(WHAT TO WORK ON)
Beginning with the line containing "2019 GMC Terrain SLE" and ending with the line containing "Mercedes-Benz GLC-Class X253", write out each line of the records below exactly; pictures and lines outside that range are left out.

(DATA PROVIDED Opens)

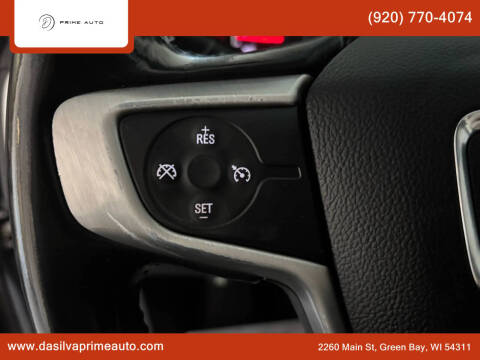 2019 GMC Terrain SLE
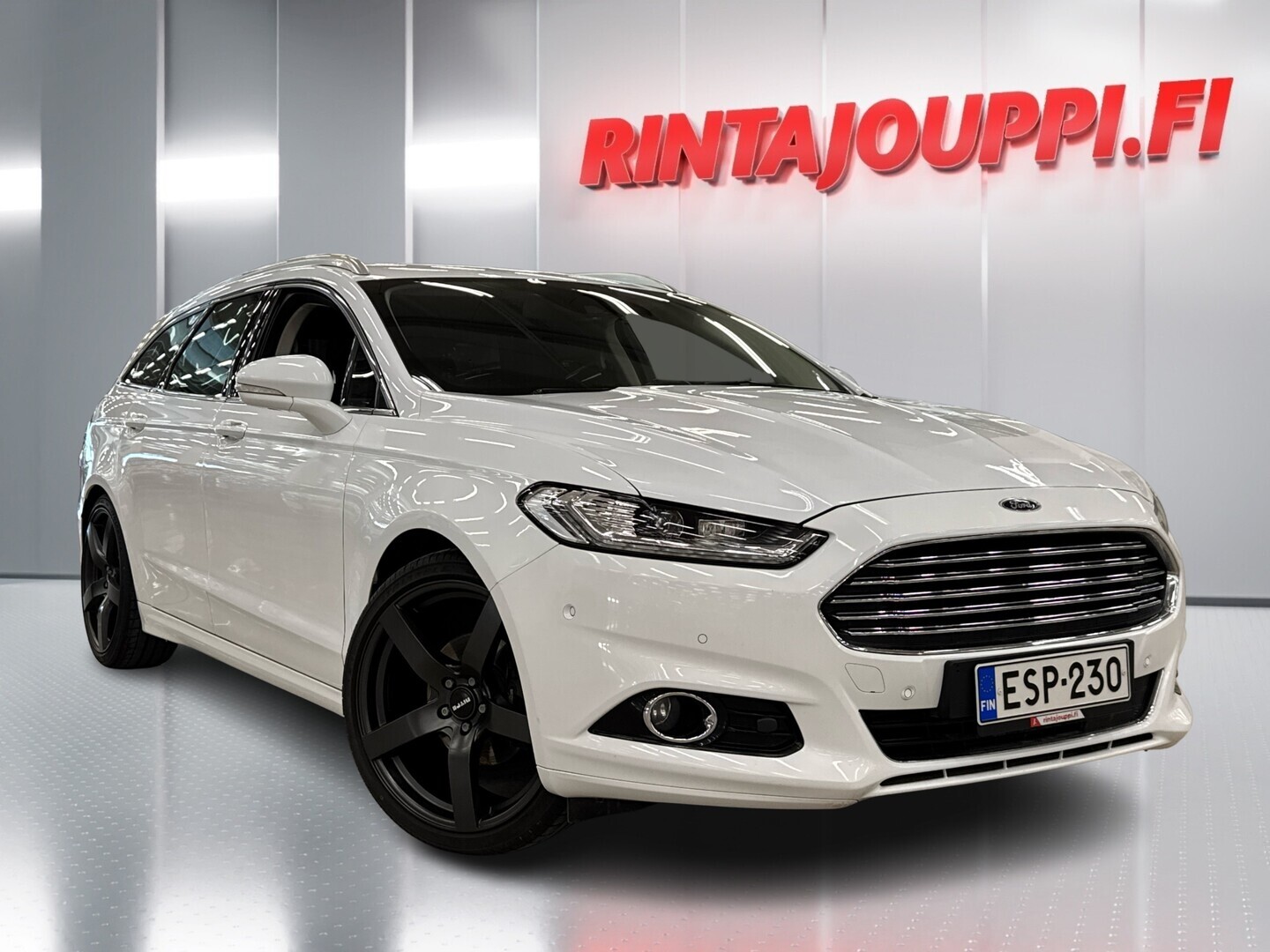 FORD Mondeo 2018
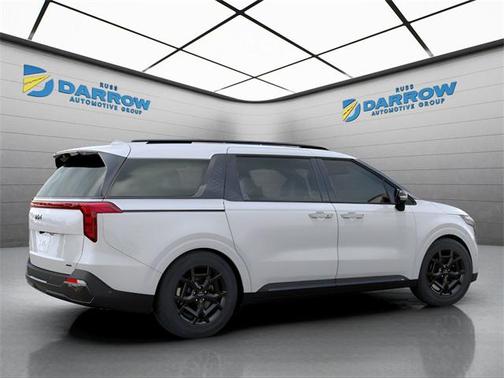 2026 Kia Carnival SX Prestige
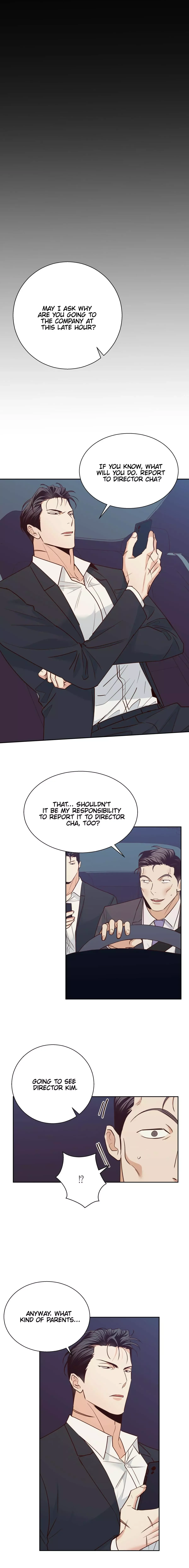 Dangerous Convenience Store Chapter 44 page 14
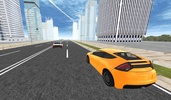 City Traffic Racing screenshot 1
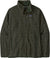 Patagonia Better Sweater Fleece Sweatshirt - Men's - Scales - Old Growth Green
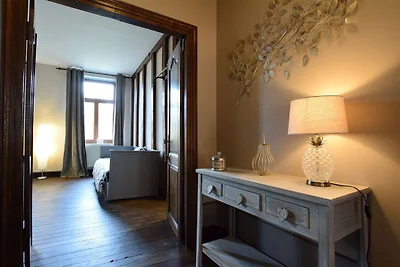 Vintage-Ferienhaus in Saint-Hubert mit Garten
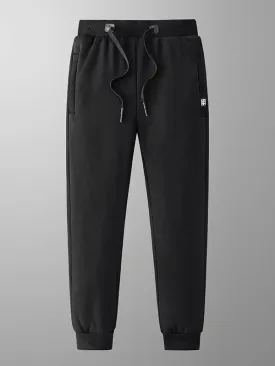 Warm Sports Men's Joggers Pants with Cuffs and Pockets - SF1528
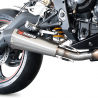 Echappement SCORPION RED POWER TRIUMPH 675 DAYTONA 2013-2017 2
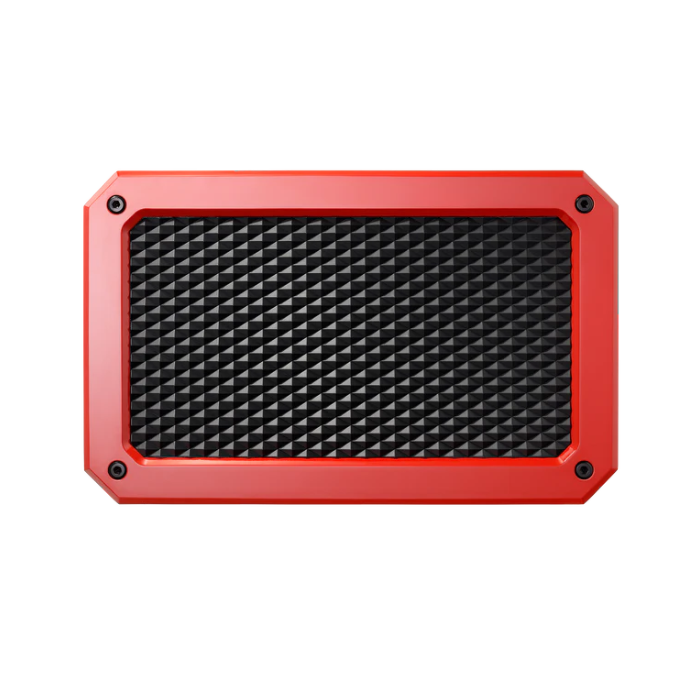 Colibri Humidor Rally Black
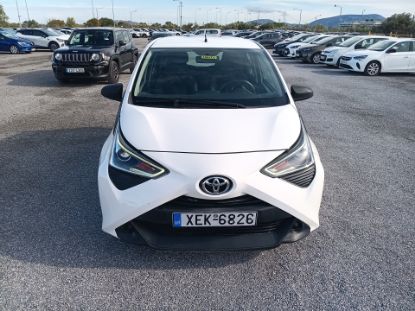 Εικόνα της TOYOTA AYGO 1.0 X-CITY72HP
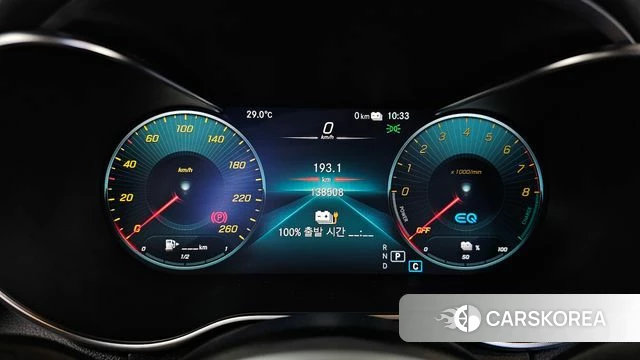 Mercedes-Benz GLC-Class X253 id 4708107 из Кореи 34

(DATA PROVIDED Closes)
(DATA PROVIDED Opens)

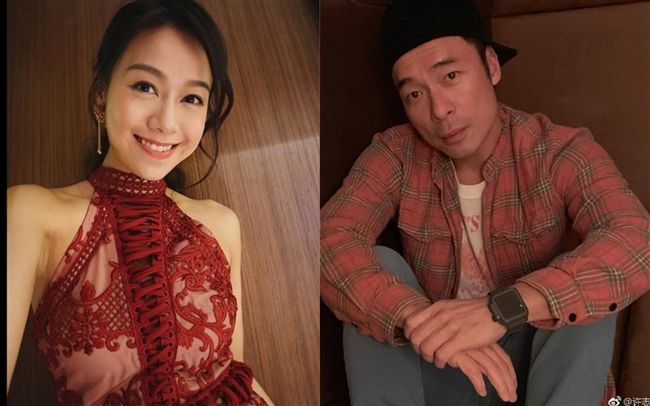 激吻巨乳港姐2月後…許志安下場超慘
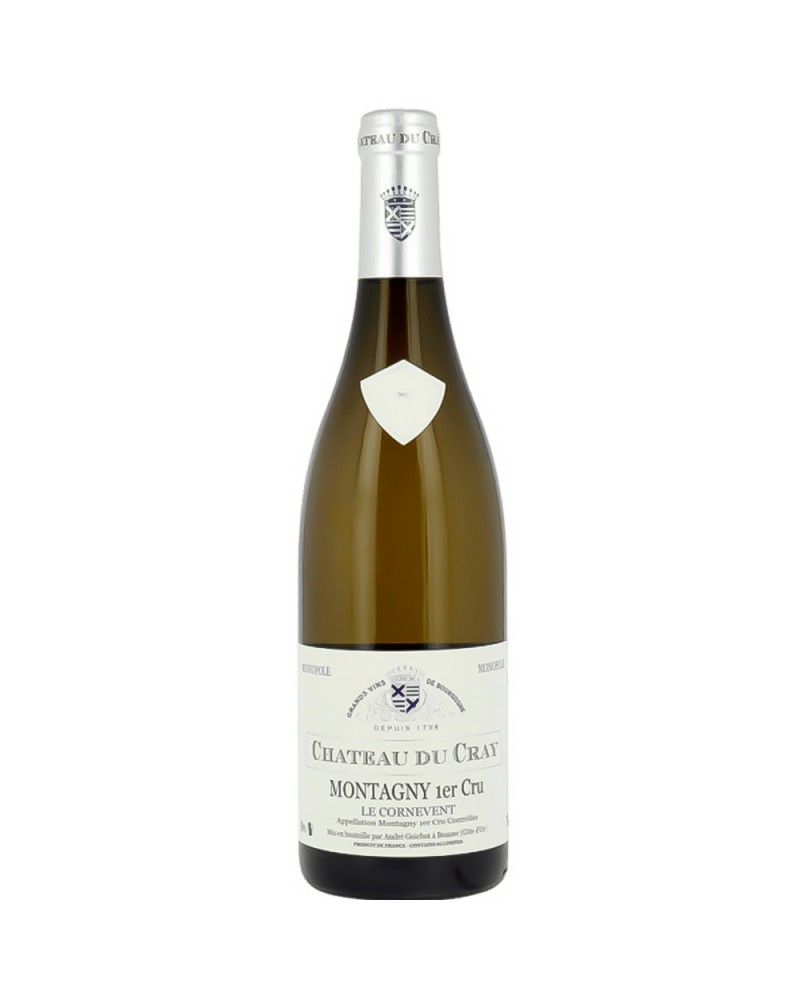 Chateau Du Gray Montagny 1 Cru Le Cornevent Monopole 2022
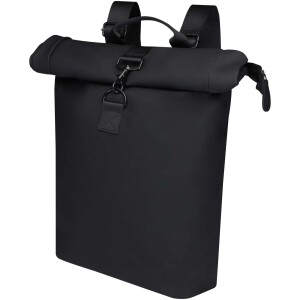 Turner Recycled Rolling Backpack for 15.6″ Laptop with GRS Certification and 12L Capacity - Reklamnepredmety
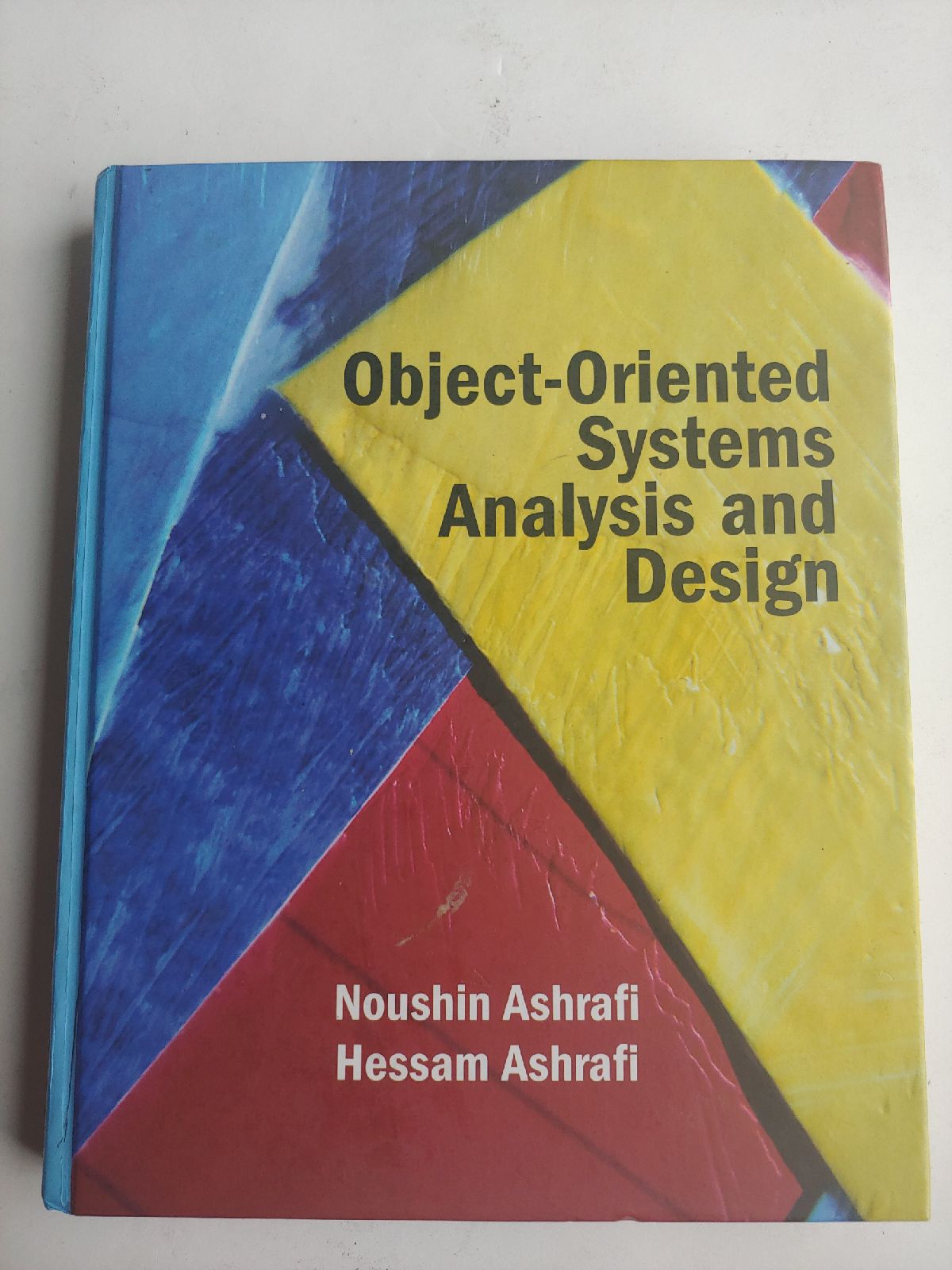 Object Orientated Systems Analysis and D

(DATA PROVIDED Closes)
(DATA PROVIDED Opens)

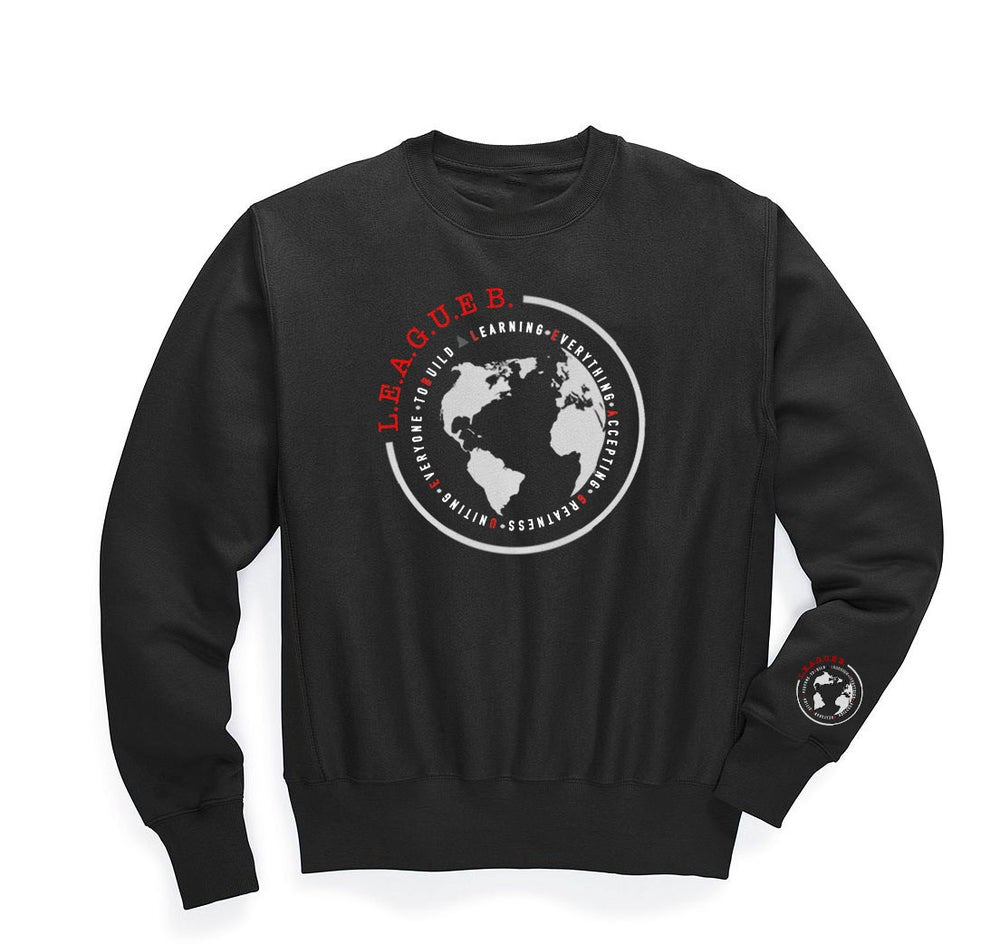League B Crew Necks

(DATA PROVIDED Closes)

(OUTPUT FOR THIS EXERCISE)
 2019 GMC Terrain SLE
 FORD Mondeo 2018
 2026 Kia Carnival SX Prestige
 Dangerous Convenience Store Chapter 44 page 14
 City Traffic Racing screenshot 1
 Patagonia Better Sweater Fleece Sweatshirt - Men's - Scales - Old Growth Green
 Vintage-Ferienhaus in Saint-Hubert mit Garten
 Warm Sports Men's Joggers Pants with Cuffs and Pockets - SF1528
 Echappement SCORPION RED POWER TRIUMPH 675 DAYTONA 2013-2017 2
 Colibri Humidor Rally Black
 Εικόνα της TOYOTA AYGO 1.0 X-CITY72HP
 Mercedes-Benz GLC-Class X253 id 4708107 из Кореи 34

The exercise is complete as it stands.